What to work on:
Return only the lines from the one containing "All Over Stoffbeutel" to the end of the material, with each one exactly as it appears.

Records to process:
○ ○ ○ ○ ○ ○ ○
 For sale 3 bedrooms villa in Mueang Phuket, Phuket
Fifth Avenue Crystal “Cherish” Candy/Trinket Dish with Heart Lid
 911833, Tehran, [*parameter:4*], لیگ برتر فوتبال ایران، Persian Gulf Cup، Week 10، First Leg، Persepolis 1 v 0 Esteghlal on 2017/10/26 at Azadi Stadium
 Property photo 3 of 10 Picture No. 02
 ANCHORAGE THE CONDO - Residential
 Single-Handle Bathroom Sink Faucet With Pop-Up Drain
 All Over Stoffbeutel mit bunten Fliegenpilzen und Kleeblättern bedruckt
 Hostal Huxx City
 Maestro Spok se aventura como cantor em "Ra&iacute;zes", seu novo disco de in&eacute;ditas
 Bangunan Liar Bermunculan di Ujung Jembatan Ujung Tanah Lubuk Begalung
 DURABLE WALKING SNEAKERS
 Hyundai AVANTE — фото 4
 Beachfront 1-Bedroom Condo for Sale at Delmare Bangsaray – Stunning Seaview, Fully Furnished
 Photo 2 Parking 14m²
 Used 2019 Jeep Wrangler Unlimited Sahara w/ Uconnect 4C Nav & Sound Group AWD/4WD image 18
○ ○ ○ ○ ○ ○ ○
Exercise output:
 All Over Stoffbeutel mit bunten Fliegenpilzen und Kleeblättern bedruckt
 Hostal Huxx City
 Maestro Spok se aventura como cantor em "Ra&iacute;zes", seu novo disco de in&eacute;ditas
 Bangunan Liar Bermunculan di Ujung Jembatan Ujung Tanah Lubuk Begalung
 DURABLE WALKING SNEAKERS
 Hyundai AVANTE — фото 4
 Beachfront 1-Bedroom Condo for Sale at Delmare Bangsaray – Stunning Seaview, Fully Furnished
 Photo 2 Parking 14m²
 Used 2019 Jeep Wrangler Unlimited Sahara w/ Uconnect 4C Nav & Sound Group AWD/4WD image 18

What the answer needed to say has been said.